God absolutely has perfect timing.

Perfect. Timing.

Here’s a story I’ve seen in the last few days:

We’re in Galveston this week, and two of the ten churches that are here for our mission camp are from Illinois – yeah, a bunch of high school kids from Illinois to Galveston, Texas because their hearts are for doing God’s work. This is good already.

But here’s what happened: the people in the group from one of those two churches, they packed themselves into two vans and started the trip South the day before camp was scheduled to start. That day, we received word that one of their two vans was having some issues. Perfect. I don’t know how they reacted, but I have a pretty good idea how I would’ve reacted.
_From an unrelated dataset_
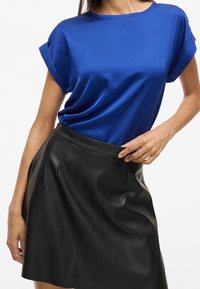 Haut bleu en satin à manches courtes avec un col rond, associé à une jupe en cuir noire avec une taille cintrée et un plissage discret.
Anyway, I’m not exactly sure how that panned out, but the important thing is to know that, the first day, their van broke down, and by the second day, they were all fixed and on the road again.

The second day of their trip, the day we’re scheduled to start camp here in Galveston and the day these guys are planning to arrive, their second van breaks down. Two days in a row, two different vans. You think what you want to think about that – to me and to a lot of us here, it was pretty obvious what was happening. The word we got here about it said that they were looking at 2 to 3 hours of work on the van before they could get back on the road, and the rest of the drive would be about 5 hours. This was at 2:30 in the afternoon – well, it was when I heard about it, anyway. Churches were scheduled to arrive at camp between 4:00 and 5:00 that evening, and service was supposed to start at 8:00. Math says these guys weren’t going to make it until after 10:00. Oh, and the tail lights on their trailer weren’t functional, so they couldn’t legally be on the road after dark. That’s a pickle.

They found a place to stay where they were that night. I didn’t know where or how they’d pulled that off, but we were all informed they’d just be getting to camp a day late.

Ultimately, they made it to the island the following afternoon – yesterday, as of now – and, somehow, their spirits were high. Throughout the rest of the day, I heard little pieces of the story – this story I’m telling you now – and, by the end of the night, I could see God so vividly and so perfectly that I really wondered why I ever had a doubt about the situation. I wondered why I ever have a doubt or fear about any situation.

There’s a girl in this youth group that had all the van trouble – a girl named Megan (Meghan? Meagan? I don’t know. Maybe someone that knows will see this and correct me). Megan makes these pretty weird bracelets out of elastic bands and the tabs from soda cans and sells them for 5 dollars. The money that comes from people buying those bracelets goes toward an effort to help a particular homeless family find a home (maybe that’s not exactly or completely accurate – something else someone might be able to correct me on – but the important thing is that the effort is something that would absolutely be pleasing to God). So that’s pretty cool.

Our camp pastor, Kacy Benson, recently visited this group’s church to preach a message. While he was there, he bought one of Megan’s bracelets and he’s been wearing it at camp since then. While we were in Oklahoma last week at Camp WOW, one of the girls on the WOW staff – Brianne – asked Kacy about the bracelet. He told her about it, she thought it was cool – which it is – and asked how she and some of her fellow staff members could get some of them. Kacy gave Brianne the contact information of one of the leaders from the group so that she could get in touch and ask for some bracelets.

I know this is tedious and long and a little monotonous, but we’re almost there.

Brianne made the phone call to Joanie, the leader Kacy had told her to call, and talked to her for a bit about the bracelets, where Brianne goes to school, and probably some other casual conversation. This is just a few days before this group hit the road for Galveston.

When the second van broke down it was in Marshall, Texas. While it was being worked on, the youth and the leaders from the group were sitting anywhere from Wendy’s to Subway trying to kill time, not exactly sure how to handle the situation they found themselves in. Ultimately they ended up, as we all do when we’re not sure where to go, at Wal-Mart. Apparently, while in Wal-Mart, Joanie saw something that let her know that Marshall, Texas was the home of ETBU. East Texas Baptist University… where Brianne goes to school.

Odds? Slim, I would think.

Having received a call from her not long before, Joanie had Brianne’s phone number and, on a whim, she called her. Joanie told Brianne the situation and asked if there was anything she could do to help them out. Brianne got off the phone with Joanie and called a guy she goes to school with, and not only was he absolutely willing to help them… he was at Wal-Mart, too.

Odds? Ha.

He found Joanie and started making some other phone calls to pastors at his church in Marshall and other people. Eventually, they rounded up some bedding, and this group from Illinois stayed the night at a church in Marshall, Texas.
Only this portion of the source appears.